=== Begin Enclosure ===
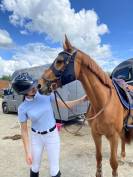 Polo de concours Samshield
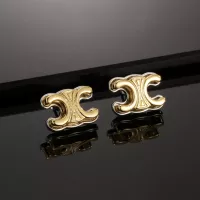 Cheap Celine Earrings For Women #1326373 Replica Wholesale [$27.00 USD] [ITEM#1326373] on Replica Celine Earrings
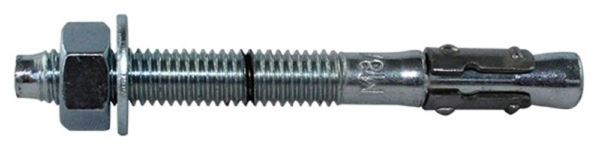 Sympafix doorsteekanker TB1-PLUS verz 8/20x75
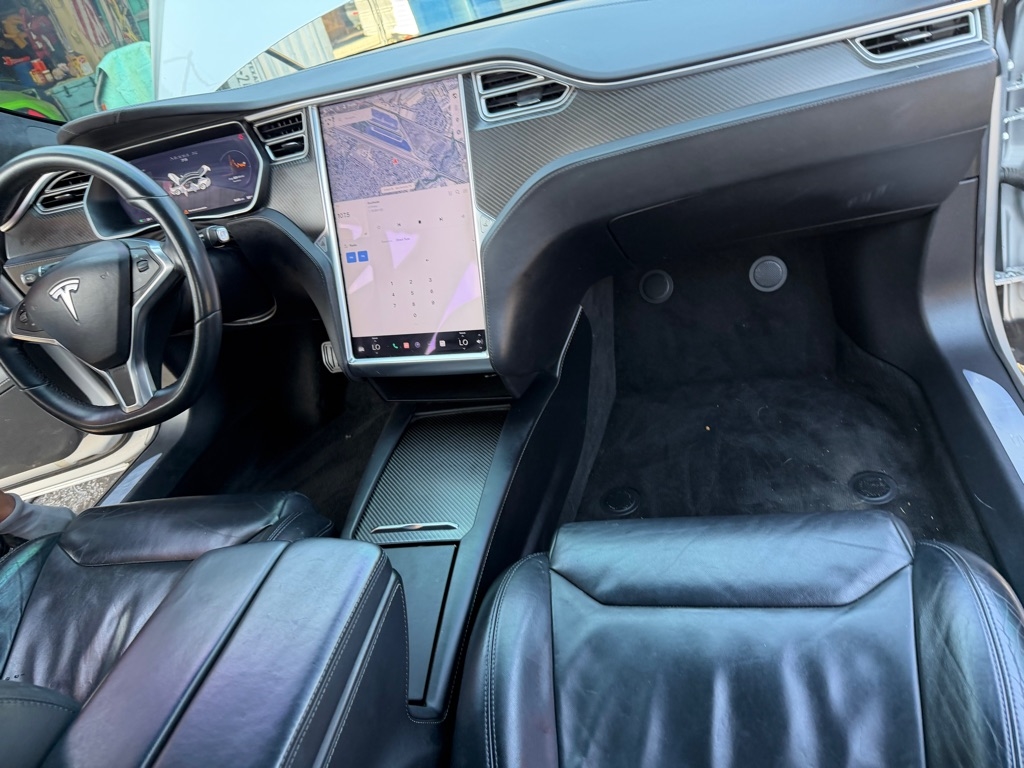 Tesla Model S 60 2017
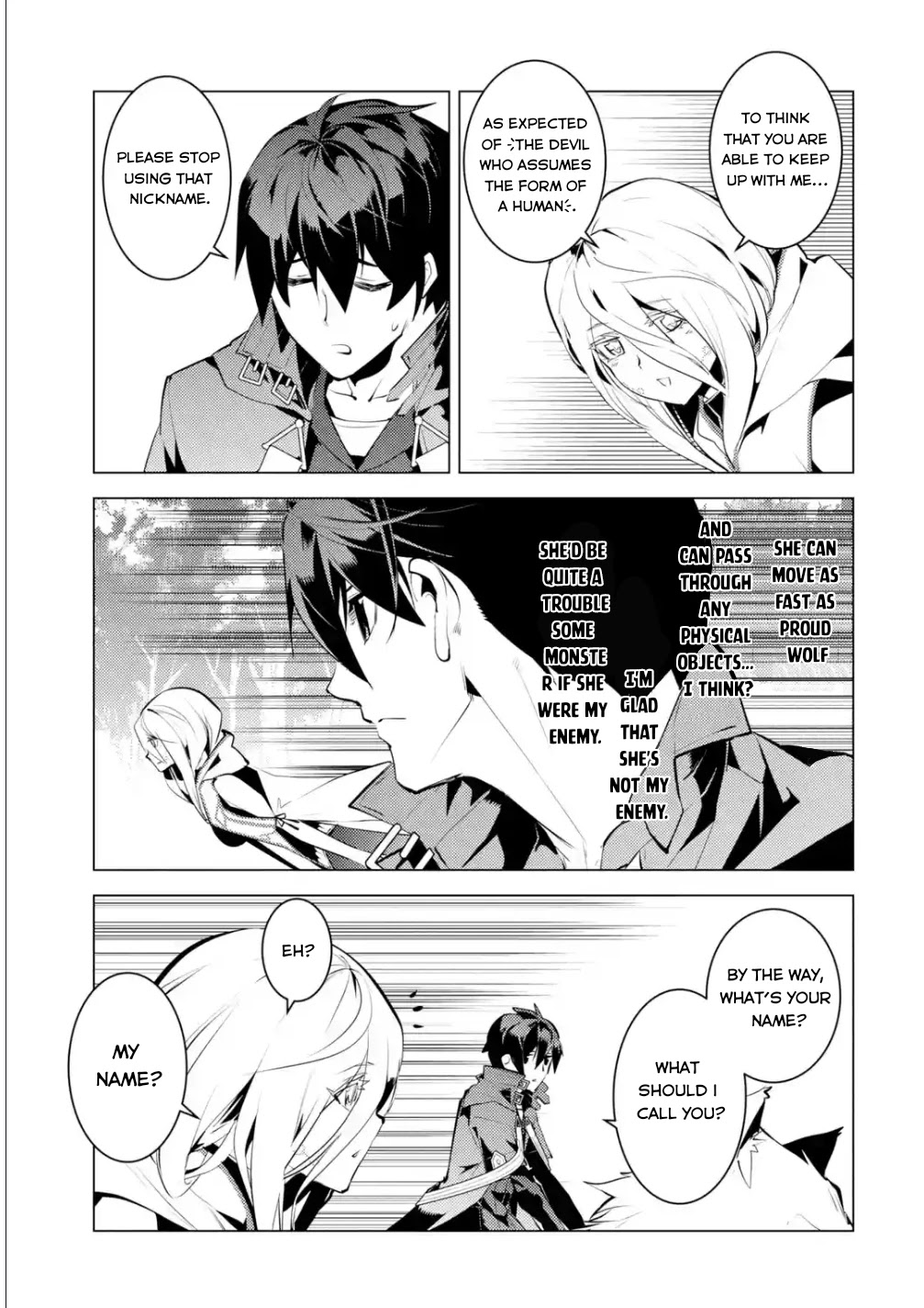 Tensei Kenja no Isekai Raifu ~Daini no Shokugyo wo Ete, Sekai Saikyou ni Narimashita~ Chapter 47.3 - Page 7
=== End Enclosure ===
■ **WORK TASK**
Copy the listing above word for word. Do not include the pictures.

■ **SOLUTION TO THE PROBLEM**
 Polo de concours Samshield
 Cheap Celine Earrings For Women #1326373 Replica Wholesale [$27.00 USD] [ITEM#1326373] on Replica Celine Earrings
 Sympafix doorsteekanker TB1-PLUS verz 8/20x75
 Tesla Model S 60 2017
 Tensei Kenja no Isekai Raifu ~Daini no Shokugyo wo Ete, Sekai Saikyou ni Narimashita~ Chapter 47.3 - Page 7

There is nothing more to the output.